I feel in some small measure, in the midst of this trip to Bangladesh, that I have seen the Ghost of Christmas future, and it scares me as much as it did poor Scrooge.
No the heat hasn’t gotten to me. The ghost I speak of is that not of personal redemption or damnation, but rather of climate change – the Ghost of What Happens When You Overpopulate, Pollute, and Radically Alter the Earth without thought of its effect on Tiny Tim, Bob Cratchett, or anyone else at all.

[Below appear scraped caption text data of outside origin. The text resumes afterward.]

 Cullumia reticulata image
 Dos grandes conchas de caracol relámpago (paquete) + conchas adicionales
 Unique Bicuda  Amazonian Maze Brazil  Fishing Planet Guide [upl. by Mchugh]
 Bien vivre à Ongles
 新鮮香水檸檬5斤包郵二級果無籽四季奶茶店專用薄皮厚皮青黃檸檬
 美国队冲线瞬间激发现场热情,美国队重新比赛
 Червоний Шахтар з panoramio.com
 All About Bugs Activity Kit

There was an article in today’s paper here that set me off. It predicted that the trend in global warming would spark many more cyclones in years to come – and of much worse intensity than those that have already ravaged this country. It’s a shocking thought, given the numbers. I have been spending this week down in the south, where Cyclone Sidr came ashore in November 2007, completely destroying more than 363,000 homes, and affecting a staggering 8.9 million people. It killed 3,363 people – another 800 plus are still missing, which means dead in the world of super cyclones. By Bangladeshi standards, 4,100 deaths is a dramatic improvement looking back at history. A 1991 cyclone killed – killed – 700,000 people here. An even bigger one in 1971 – the year of Bangladesh’s independence – killed one million people, and that at a time when the entire population was a scant 70 million.
I say scant because to understand what rush hour will look like on the Capital Beltway in 2050, look at Bangladesh today. Home to 70 million in 1971, Bangladesh now hosts 153 million people – the third largest Muslim country in the world behind Indonesia and Pakistan. To get a feel for what that looks like, stuff just over half of the entire US population into Iowa, then flood it several times a year.
And I’m not kidding. Geographically, Bangladesh is about the size of Iowa – slightly smaller, actually. As a flood plain for the Asian sub-continent, Bangladesh is caught between the devil and the deep blue sea, quite literally. Each year, massive cyclones threaten the coastal south – which, according to today’s paper, the country only has more of to look forward to.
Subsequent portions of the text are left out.